Work instruction: Reproduce the listing in full, exactly as written, but without images.
*** Provided material ***
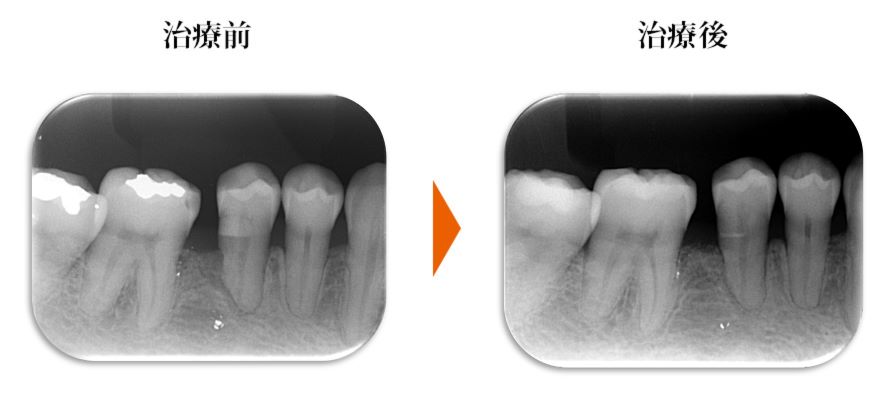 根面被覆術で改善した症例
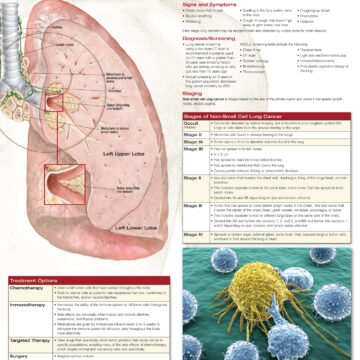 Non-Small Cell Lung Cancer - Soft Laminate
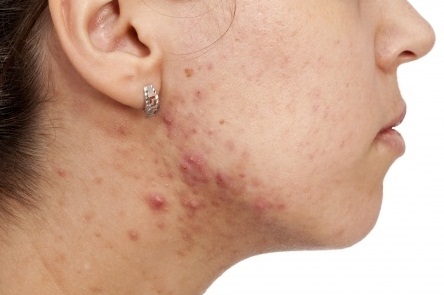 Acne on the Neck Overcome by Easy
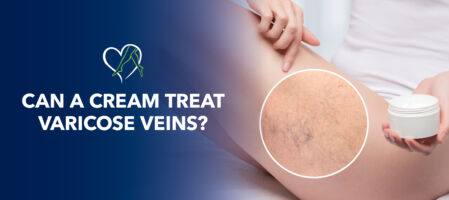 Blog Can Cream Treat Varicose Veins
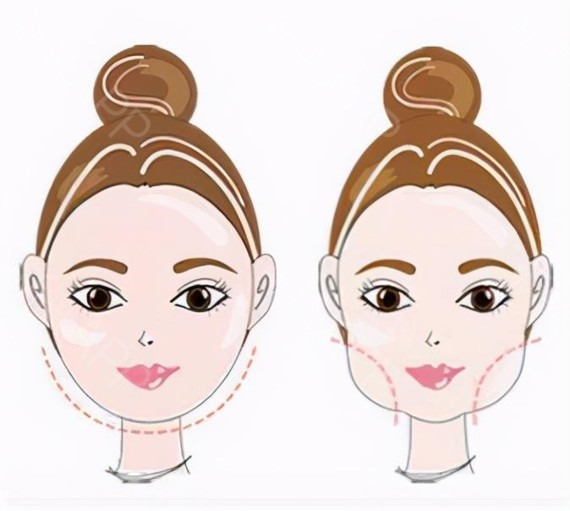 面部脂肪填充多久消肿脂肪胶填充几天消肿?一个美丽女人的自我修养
*** End of Provided material ***
Your solution:
 根面被覆術で改善した症例
 Non-Small Cell Lung Cancer - Soft Laminate
 Acne on the Neck Overcome by Easy
 Blog Can Cream Treat Varicose Veins
 面部脂肪填充多久消肿脂肪胶填充几天消肿?一个美丽女人的自我修养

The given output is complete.